Supplied records:
※

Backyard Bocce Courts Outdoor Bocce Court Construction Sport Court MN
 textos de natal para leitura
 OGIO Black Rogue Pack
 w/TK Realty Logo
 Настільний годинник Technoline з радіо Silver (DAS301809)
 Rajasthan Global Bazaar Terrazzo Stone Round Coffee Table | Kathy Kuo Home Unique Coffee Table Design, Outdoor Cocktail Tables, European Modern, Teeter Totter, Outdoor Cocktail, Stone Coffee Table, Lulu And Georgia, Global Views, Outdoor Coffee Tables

※

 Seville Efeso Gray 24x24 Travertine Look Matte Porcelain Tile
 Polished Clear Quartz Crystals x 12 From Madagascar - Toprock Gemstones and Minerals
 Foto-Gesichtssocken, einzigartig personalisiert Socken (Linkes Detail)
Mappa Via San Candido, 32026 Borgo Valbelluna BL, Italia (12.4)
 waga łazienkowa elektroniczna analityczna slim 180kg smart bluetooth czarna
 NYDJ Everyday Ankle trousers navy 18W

※

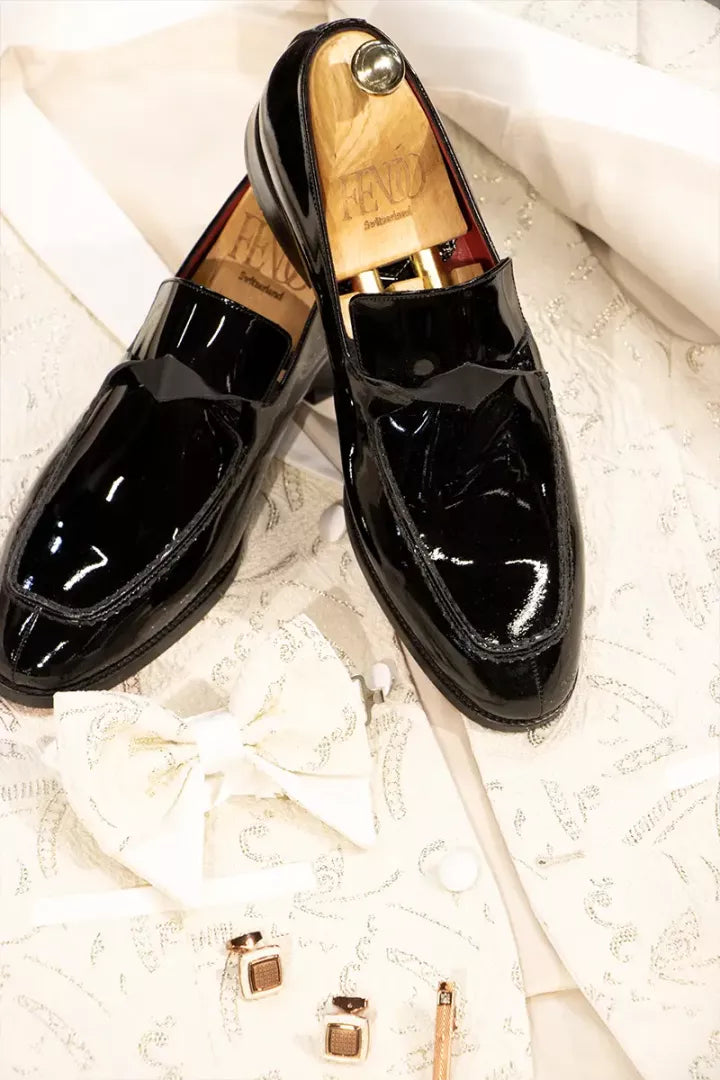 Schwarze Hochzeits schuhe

※

Problem description: Please find every line in the records that contains the word "Outdoor", and copy it out.

Written reply:
Backyard Bocce Courts Outdoor Bocce Court Construction Sport Court MN
 Rajasthan Global Bazaar Terrazzo Stone Round Coffee Table | Kathy Kuo Home Unique Coffee Table Design, Outdoor Cocktail Tables, European Modern, Teeter Totter, Outdoor Cocktail, Stone Coffee Table, Lulu And Georgia, Global Views, Outdoor Coffee Tables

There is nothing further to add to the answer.